A robust face super-resolution algorithm and its application in low-resolution face recognition system

Abstract

In real-world surveillance scenario, the face recognition (FR) systems pose a lot of challenges due to the captured low-resolution (LR) and noisy probe images. A new face super-resolution (SR) algorithm is proposed to design a recognition model overcoming the challenges of existing FR systems. The proposed SR algorithm inherits the merits of functional-interpolation and dictionary-based SR techniques. The functional interpolation assists in generating more discriminable output, whereas the dictionary-based approach assists in eliminating noise effects from the reconstruction process. Consequently, it produces more discriminable and noise-free high-resolution (HR) images from captured noisy LR probe images, suitable for real-world problems like low-resolution face recognition. The results obtained from the experiments performed on several popular face image datasets including FEI, FERET, and CAS-PEAL-R1 show that the proposed algorithm performs better than all the comparative SR methods.

Appendices

Appendix A

The matrix form of Eq. (1) is given below:

$$ \begin{aligned} w^{\ast}(a,b) & = \left\Vert {\varTheta}(a,b) \odot \left( P^{L}(a,b) - G^{L}(a,b)w(a,b) \right)\right\Vert_{2}^{2} \cr & \qquad + \tau \Vert Sw(a,b){\Vert_{2}^{2}} \end{aligned} $$

(12)

where G^L (a,b) is the matrix in which each column correspond to one LR dictionary patch. After multiply Θ(a, b) with each element we obtain,

$$ \begin{aligned} w^{\ast}(a,b) = \left\Vert \ddot{P^{L}}(a,b) - \ddot{G^{L}}(a,b) w(a,b) \right\Vert_{2}^{2} \quad + \tau \Vert Sw(a,b){\Vert_{2}^{2}} \end{aligned} $$

(13)

where \( \ddot {P^{L}}(a,b) = {\varTheta }(a,b) \odot P^{L}(a,b)\) and \( \ddot {G^{L}}(a,b) = {\varTheta }(a,b) \odot G^{L}(a,b)\).

Following [4, 32, 40], (13) can be simplified as:

$$ \begin{aligned} w(a,b) = \left( C(a,b) + \tau S^{2}\right) \setminus ones(N,1) \end{aligned} $$

(14)

where term ones(N, 1) denotes column vector of value one (or 1), operator “∖” is the left matrix devision, and C(a, b) denotes covariance matrix for P^L(a, b) which is calculated as:

$$ \begin{aligned} C(a,b) = J^{T}J, \end{aligned} $$

(15)

where J = P^L(a, b)ones(N, 1)^T −G^L(a, b).

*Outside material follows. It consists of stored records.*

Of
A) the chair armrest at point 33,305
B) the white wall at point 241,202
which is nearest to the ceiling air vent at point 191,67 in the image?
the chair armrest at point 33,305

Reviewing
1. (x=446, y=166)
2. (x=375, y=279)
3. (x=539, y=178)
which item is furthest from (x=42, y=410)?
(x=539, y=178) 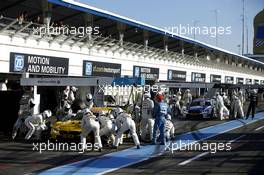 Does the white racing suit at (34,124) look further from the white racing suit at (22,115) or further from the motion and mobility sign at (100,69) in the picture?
the motion and mobility sign at (100,69)

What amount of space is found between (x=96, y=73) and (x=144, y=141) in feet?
46.3

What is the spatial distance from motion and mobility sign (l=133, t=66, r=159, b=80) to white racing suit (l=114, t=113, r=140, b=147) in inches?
780

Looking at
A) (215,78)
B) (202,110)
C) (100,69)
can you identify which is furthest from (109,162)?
(215,78)

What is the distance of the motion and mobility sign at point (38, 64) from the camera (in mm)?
21250

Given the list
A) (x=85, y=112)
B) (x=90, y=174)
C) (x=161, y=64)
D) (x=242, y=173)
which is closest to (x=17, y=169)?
(x=90, y=174)

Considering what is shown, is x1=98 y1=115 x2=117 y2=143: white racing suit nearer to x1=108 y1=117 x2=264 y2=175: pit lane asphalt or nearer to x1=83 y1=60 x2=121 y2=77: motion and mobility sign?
x1=108 y1=117 x2=264 y2=175: pit lane asphalt

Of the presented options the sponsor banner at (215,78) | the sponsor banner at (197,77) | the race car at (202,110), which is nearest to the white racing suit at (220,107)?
the race car at (202,110)

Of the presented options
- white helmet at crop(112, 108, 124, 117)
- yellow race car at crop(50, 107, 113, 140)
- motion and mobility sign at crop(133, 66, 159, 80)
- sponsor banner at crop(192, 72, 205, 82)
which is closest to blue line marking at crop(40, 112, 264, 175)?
white helmet at crop(112, 108, 124, 117)

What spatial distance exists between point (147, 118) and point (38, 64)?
1004 cm

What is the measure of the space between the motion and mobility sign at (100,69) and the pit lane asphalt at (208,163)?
1482 centimetres

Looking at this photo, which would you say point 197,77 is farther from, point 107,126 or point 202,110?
point 107,126

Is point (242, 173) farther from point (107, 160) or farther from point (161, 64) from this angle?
point (161, 64)

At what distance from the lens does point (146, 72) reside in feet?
115

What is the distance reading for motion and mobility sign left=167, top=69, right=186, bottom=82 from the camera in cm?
3981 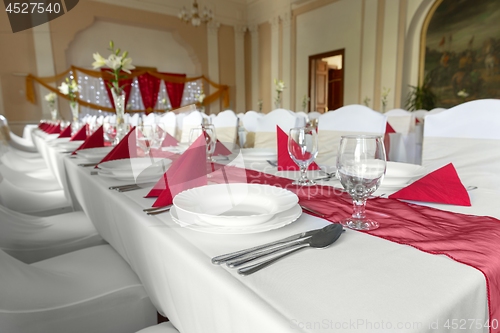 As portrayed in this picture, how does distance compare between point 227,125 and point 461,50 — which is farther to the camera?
point 461,50

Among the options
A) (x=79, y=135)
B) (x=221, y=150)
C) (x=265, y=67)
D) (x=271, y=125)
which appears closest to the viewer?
(x=221, y=150)

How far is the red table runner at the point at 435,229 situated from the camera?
492 millimetres

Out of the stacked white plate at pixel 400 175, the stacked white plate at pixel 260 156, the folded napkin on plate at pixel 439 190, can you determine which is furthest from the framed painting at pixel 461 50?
the folded napkin on plate at pixel 439 190

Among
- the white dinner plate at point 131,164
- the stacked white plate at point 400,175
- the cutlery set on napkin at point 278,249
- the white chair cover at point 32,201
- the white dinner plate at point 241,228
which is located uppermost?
the white dinner plate at point 131,164

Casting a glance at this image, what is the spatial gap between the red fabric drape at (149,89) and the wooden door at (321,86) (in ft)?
15.6

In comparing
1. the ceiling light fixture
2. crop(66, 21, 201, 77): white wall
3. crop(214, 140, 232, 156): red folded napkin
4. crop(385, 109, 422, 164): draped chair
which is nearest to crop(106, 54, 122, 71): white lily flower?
crop(214, 140, 232, 156): red folded napkin

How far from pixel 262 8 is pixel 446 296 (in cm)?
1073

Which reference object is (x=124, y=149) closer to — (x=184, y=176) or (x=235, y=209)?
(x=184, y=176)

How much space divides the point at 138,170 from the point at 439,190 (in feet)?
3.06

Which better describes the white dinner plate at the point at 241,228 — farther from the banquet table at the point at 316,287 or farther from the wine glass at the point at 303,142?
the wine glass at the point at 303,142

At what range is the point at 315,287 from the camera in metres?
0.42

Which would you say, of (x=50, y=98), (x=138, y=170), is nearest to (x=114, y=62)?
(x=138, y=170)

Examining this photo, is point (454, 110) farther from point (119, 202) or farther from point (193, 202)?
point (119, 202)

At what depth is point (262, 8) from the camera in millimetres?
9891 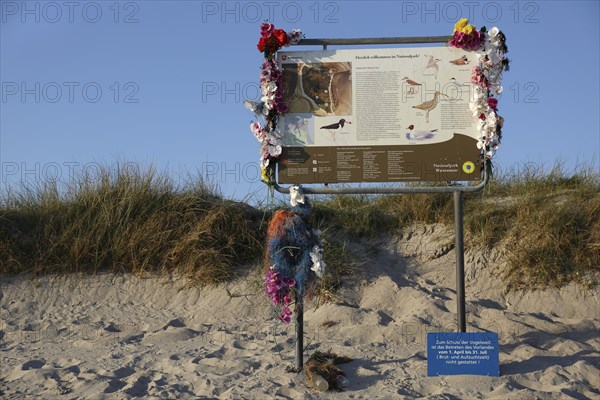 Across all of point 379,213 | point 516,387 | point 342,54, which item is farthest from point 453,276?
point 342,54

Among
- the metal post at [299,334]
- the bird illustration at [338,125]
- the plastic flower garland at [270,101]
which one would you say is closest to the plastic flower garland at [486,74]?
the bird illustration at [338,125]

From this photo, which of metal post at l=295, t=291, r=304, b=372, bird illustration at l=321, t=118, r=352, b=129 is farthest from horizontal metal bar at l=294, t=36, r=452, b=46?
metal post at l=295, t=291, r=304, b=372

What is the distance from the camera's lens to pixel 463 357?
20.1ft

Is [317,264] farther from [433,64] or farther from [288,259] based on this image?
[433,64]

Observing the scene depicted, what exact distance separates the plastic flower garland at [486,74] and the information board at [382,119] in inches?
3.4

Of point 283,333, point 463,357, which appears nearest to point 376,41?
point 463,357

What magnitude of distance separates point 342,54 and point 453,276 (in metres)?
3.38

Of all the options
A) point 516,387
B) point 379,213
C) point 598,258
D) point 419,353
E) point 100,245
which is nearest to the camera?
point 516,387

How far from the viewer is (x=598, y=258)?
8.19 meters

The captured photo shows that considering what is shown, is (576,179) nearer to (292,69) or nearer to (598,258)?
(598,258)

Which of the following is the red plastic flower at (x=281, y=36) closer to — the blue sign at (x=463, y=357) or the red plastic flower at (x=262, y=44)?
the red plastic flower at (x=262, y=44)

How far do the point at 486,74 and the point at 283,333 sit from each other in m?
3.41

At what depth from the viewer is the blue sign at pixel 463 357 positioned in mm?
6094

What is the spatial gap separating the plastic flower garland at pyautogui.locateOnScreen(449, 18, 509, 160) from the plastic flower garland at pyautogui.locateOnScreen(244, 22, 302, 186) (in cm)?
161
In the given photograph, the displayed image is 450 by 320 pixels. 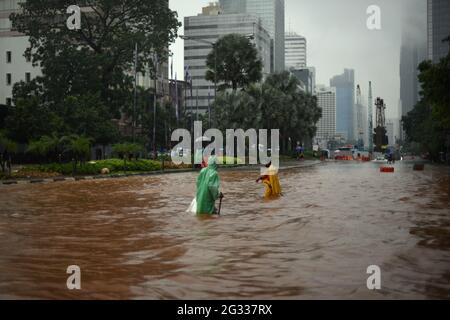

Finally, obtained weights are rescaled to satisfy \(\sum \limits _{n = 1}^{N} {{w_n}(a,b)} = 1\).

Appendix B

Since the objective function given in (9) is convex w.r.t.Λ, the optimal Λ^∗ is obtain by taking its derivative w.r.t. Λ as follows:

$$ \begin{aligned} \frac{\partial {\varLambda}^{\ast}}{\partial {\varLambda}} = \frac{\partial \left( G_{mp}^{H} - {\varLambda} G^{L}\right) {\varGamma} \left( G_{mp}^{H} - {\varLambda} G^{L}\right)^{T} }{\partial {\varLambda}} = 0, \end{aligned} $$

(16)

$$ \begin{aligned} -2G_{mp}^{H}{\varGamma} {G^{L}}^{T} + 2G^{L}{\varGamma} {G^{L}}^{T} {\varLambda} = 0, \end{aligned} $$

(17)

$$ \begin{aligned} {\varLambda} = \frac{G_{mp}^{H}{\varGamma} {G^{L}}^{T}}{G^{L}{\varGamma} {G^{L}}^{T}}, \end{aligned} $$

(18)

To make term G^LΓG^LT invertible (non-singular), by following [10], we add a small constant value λ to the diagonal elements of the matrix G^LΓG^LT before taking its inverse. Thus we have,

$$ \begin{aligned} {\varLambda} = G_{mp}^{H}{\varGamma} {G^{L}}^{T} \left( G^{L}{\varGamma} {G^{L}}^{T} + \lambda I \right)^{-1} \end{aligned} $$

(19)

For our experiments, the λ is set to small constant value 10^− 6.